"""
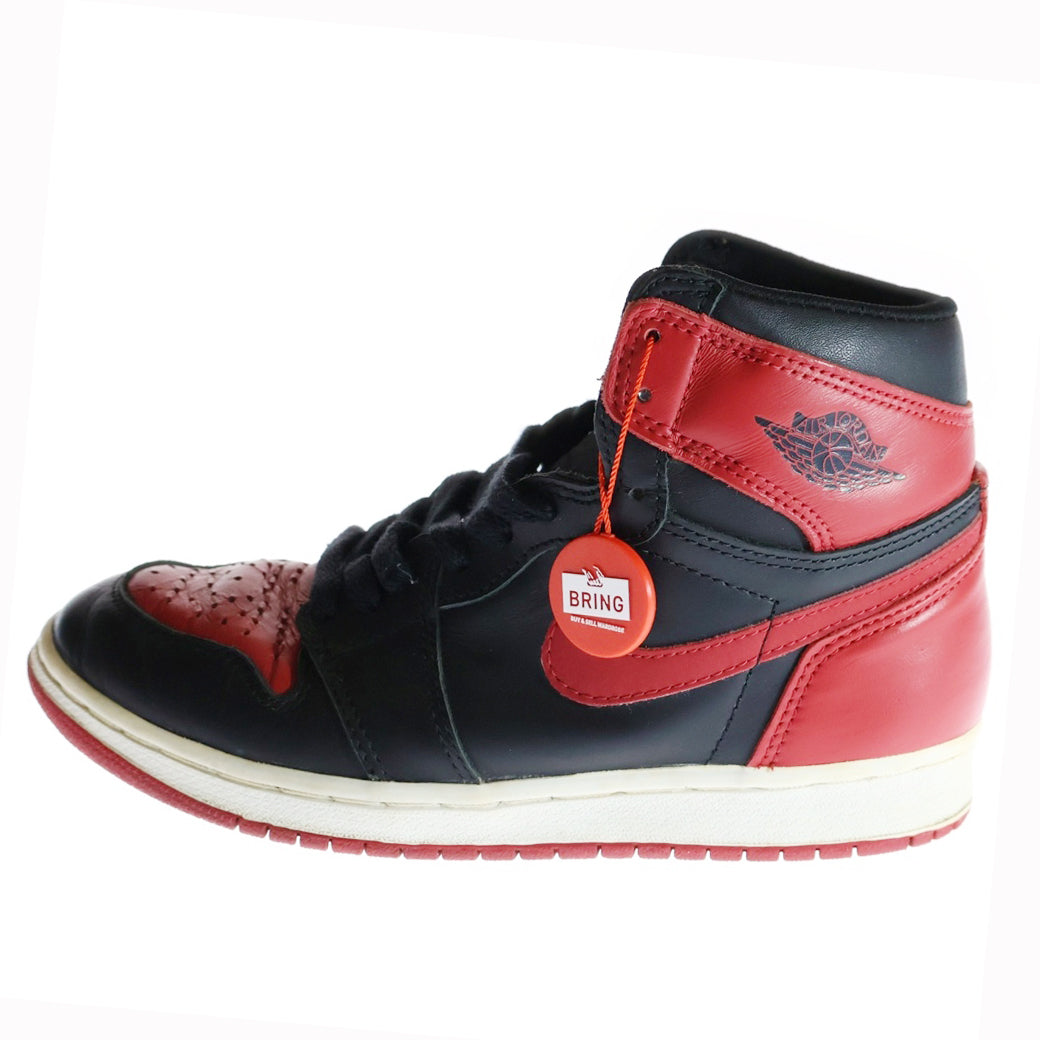 NIKE(ナイキ) 【観賞用 1994年製】 AIR JORDAN 1 HIGH BRED 130207-106 エアジョーダン1 ブレッド ハイカットスニーカー ブラック/レッド US6.5/24.5cm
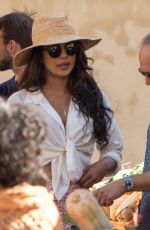 PRIYANKA CHOPRA on the Set of Quantico, Season 3 in Montepulciano 10/11/2017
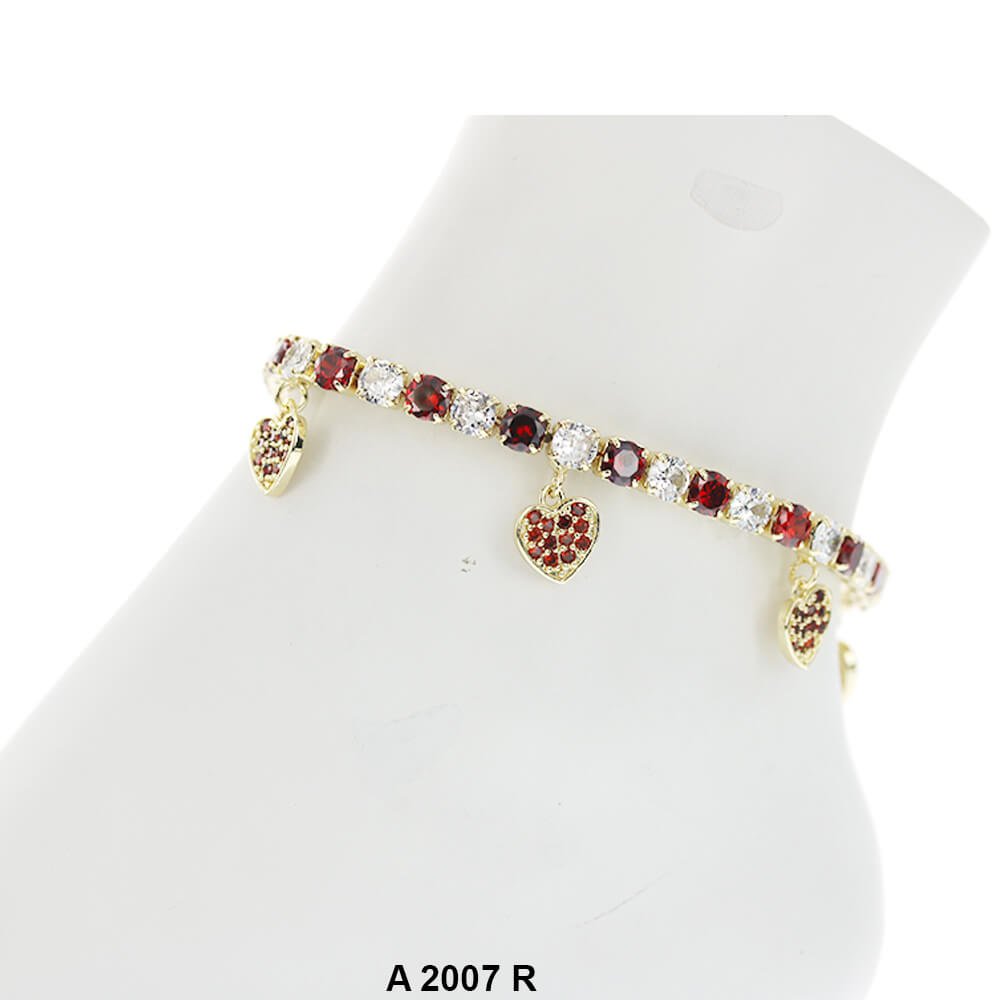 Heart Charm Anklets A 2007 R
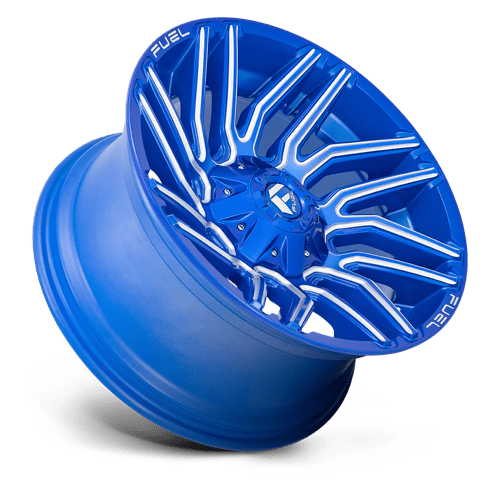Fuel 1PC D77420009847 D774 20X10 6X135/5.5 BLUE-MILL -18MM - Truck Part Superstore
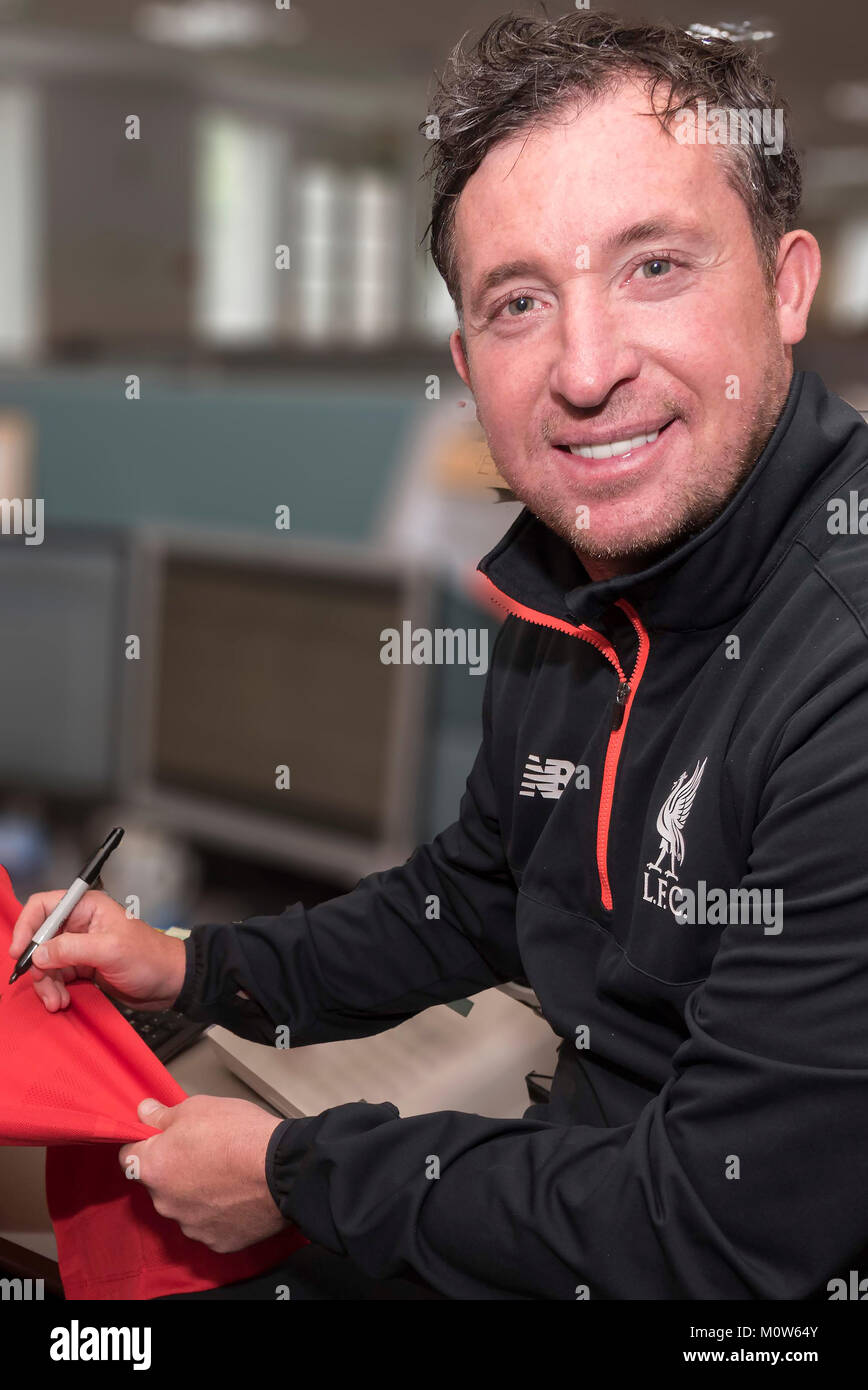 Ex Liverpool FC player Robbie Fowler Stock Photo Alamy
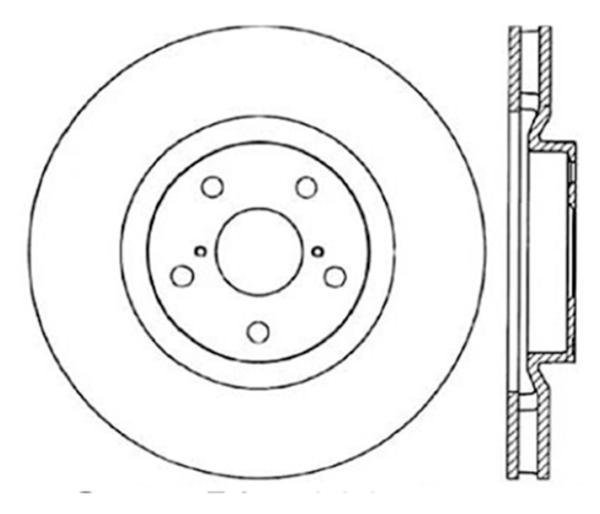 ST Slot & Drill Brake Rotors Stoptech 127.44104R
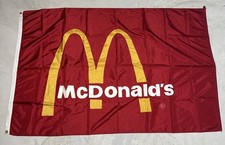 Vintage 1970's McDonald's Store Flag Advertising Scarce Huge 8’x4’ Fast Food picture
"""
Once the line containing "ST Slot & Drill" is found in the records above, it and every line after it up to the last must be repeated exactly, without pictures.

 ST Slot & Drill Brake Rotors Stoptech 127.44104R
 Vintage 1970's McDonald's Store Flag Advertising Scarce Huge 8’x4’ Fast Food picture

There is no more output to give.